Horn soloist Kerry Turner will perform in the Port Angeles Chamber Orchestra’s season opening concerts Friday and Saturday, Oct. 13 and 14. (Kerry Turner)

Horn soloist Kerry Turner will perform in the Port Angeles Chamber Orchestra’s season opening concerts Friday and Saturday, Oct. 13 and 14. (Kerry Turner)

Tickets on sale now for horn soloist performance with Port Angeles Chamber Orchestra

PORT ANGELES — Where Kerry Turner lives in central Europe, Mozart is in the blood. And Turner, a Texan turned European, is about to bring that passion to Port Angeles and Sequim.

He’s a horn soloist, an unusual featured artist for the Port Angeles Chamber Orchestra, and he’ll be here to start the ensemble’s new season of concerts this coming weekend.

Tickets for the concerts are on sale now.

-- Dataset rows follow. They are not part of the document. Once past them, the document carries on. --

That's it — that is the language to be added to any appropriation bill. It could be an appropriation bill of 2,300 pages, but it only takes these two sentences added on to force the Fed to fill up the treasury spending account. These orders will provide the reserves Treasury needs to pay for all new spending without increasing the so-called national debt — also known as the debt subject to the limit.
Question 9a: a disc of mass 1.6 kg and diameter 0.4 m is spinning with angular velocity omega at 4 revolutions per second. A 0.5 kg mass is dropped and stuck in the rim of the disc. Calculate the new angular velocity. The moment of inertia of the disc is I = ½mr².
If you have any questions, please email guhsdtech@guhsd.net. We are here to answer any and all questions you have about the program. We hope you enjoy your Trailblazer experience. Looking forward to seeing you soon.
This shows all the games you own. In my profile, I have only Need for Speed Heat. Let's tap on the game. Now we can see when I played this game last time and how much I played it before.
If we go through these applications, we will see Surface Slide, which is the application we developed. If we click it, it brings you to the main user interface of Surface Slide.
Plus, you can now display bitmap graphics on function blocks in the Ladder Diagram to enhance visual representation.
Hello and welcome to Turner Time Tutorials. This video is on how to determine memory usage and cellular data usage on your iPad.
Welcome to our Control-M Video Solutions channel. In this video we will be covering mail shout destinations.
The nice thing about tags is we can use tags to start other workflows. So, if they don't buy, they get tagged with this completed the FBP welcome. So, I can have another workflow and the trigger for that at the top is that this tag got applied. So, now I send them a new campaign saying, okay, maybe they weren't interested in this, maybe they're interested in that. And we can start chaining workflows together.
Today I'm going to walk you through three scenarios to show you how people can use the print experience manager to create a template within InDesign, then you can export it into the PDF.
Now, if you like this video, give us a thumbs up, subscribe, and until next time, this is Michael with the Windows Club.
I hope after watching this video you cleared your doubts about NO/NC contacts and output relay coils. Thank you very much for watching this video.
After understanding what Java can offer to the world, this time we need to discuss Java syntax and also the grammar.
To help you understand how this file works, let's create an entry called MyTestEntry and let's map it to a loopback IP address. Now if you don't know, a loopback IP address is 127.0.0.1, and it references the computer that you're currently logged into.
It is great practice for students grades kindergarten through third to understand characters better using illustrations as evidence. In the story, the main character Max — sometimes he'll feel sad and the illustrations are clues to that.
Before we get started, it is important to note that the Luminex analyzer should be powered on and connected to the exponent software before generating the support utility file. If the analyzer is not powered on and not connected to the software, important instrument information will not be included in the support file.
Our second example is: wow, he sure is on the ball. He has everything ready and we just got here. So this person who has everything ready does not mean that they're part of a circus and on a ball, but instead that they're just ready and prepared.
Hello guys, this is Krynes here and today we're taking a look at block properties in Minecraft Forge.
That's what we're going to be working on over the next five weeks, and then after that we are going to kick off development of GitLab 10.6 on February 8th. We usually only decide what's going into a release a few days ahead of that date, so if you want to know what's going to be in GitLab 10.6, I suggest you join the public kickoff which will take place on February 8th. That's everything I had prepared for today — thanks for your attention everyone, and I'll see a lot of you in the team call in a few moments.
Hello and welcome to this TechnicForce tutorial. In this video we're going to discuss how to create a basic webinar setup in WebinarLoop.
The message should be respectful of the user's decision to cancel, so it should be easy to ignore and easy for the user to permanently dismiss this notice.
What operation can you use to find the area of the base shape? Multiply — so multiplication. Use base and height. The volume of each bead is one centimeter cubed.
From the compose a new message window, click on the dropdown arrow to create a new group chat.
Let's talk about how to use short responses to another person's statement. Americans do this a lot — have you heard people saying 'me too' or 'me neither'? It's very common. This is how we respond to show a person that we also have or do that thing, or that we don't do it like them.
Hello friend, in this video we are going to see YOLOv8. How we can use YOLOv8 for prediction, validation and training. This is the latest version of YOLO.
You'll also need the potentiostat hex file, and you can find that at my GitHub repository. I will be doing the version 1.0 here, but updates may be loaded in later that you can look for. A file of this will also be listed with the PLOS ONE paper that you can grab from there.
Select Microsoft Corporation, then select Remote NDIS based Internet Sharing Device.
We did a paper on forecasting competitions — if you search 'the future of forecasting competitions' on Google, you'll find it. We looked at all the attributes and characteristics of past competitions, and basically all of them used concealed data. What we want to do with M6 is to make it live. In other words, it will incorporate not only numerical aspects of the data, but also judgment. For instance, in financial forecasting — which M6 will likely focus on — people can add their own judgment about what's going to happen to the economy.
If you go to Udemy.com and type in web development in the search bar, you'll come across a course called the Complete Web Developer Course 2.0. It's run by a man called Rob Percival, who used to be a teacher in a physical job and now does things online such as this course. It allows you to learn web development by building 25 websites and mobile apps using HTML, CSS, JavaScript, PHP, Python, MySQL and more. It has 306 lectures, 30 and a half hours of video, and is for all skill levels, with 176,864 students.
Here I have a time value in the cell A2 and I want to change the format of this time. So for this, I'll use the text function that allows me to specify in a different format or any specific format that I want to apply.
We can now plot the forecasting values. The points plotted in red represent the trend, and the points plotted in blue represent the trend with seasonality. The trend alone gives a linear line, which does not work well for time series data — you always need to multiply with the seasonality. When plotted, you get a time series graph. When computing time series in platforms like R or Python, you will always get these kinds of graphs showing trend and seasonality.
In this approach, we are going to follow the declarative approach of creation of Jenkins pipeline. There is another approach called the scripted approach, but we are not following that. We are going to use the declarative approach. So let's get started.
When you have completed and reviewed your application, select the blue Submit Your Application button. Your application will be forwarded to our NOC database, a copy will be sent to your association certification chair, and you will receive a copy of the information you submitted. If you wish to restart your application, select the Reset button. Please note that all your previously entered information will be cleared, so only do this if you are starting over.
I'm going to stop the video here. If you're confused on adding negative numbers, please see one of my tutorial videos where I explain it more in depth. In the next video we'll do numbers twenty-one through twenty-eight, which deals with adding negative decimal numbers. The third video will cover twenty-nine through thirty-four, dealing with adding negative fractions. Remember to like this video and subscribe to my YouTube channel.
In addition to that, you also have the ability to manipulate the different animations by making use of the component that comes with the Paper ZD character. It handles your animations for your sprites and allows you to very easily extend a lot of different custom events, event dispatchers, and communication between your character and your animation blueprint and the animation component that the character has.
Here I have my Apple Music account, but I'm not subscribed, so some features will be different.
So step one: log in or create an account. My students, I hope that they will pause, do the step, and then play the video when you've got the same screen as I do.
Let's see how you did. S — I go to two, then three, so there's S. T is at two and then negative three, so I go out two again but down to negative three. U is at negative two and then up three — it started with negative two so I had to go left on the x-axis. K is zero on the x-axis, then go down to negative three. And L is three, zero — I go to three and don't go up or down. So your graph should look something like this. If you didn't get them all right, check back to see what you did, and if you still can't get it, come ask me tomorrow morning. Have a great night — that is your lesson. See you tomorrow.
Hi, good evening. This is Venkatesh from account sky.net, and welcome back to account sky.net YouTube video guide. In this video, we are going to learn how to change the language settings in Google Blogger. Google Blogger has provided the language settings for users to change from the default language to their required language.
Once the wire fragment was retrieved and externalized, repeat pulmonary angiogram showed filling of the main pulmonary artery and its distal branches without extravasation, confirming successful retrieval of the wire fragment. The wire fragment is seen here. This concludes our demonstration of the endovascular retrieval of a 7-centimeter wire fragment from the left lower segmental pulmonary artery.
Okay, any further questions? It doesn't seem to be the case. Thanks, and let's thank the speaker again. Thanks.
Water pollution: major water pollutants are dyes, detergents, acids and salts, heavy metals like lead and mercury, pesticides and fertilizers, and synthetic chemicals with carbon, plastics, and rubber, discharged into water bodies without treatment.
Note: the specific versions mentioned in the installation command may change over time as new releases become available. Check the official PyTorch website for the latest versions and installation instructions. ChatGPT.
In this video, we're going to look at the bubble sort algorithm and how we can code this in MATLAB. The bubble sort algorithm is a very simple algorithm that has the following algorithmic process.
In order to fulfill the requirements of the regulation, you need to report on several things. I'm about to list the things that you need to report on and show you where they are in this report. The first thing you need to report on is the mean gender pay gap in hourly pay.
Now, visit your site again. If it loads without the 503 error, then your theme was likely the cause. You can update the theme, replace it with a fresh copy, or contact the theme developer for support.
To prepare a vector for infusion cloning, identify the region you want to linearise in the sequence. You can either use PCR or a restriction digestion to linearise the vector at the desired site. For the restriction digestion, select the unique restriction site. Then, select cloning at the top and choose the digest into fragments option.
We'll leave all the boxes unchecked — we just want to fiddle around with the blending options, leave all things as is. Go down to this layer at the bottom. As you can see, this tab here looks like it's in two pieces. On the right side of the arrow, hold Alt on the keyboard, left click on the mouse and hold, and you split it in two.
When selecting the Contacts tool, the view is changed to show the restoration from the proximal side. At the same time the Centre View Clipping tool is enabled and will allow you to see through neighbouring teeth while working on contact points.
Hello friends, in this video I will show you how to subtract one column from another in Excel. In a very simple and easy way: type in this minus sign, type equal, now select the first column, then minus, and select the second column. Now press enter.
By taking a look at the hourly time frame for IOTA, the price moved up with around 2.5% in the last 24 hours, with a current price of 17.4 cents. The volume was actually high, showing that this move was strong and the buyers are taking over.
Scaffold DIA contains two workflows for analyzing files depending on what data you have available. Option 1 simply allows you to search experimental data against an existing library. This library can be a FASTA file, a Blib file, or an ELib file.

Tickets cost $12 for general seating at both Port Angeles Chamber Orchestra concerts: 7 p.m. Friday at Holy Trinity Lutheran Church, 301 Lopez Ave., Port Angeles, and 7 p.m. Saturday at the Sequim Worship Center, 640 N. Sequim Ave., Sequim.

Outlets include Port Book and News, 104 E. First St. in Port Angeles, and The Joyful Noise Music Center, 112 W. Washington St. in Sequim. Ticket buyers also can call the Port Angeles Symphony office at 360-457-5579. Remaining tickets will be sold at the door.

Turner, who will travel to the Pacific Northwest from his home in Luxembourg, will offer Mozart’s Second Horn Concerto in E-flat Major. The evening’s program also includes Haydn’s Sixth Symphony, known as “Le Matin,” or “The Morning,” and a little-known Handel piece, “The Overture to Rodrigo.”

Marie Meyers, a Port Angeles Symphony flutist, percussionist and board president, connected Turner with the Port Angeles Symphony. She met him in the 1990s when she was teaching music at Hahn High School in Germany.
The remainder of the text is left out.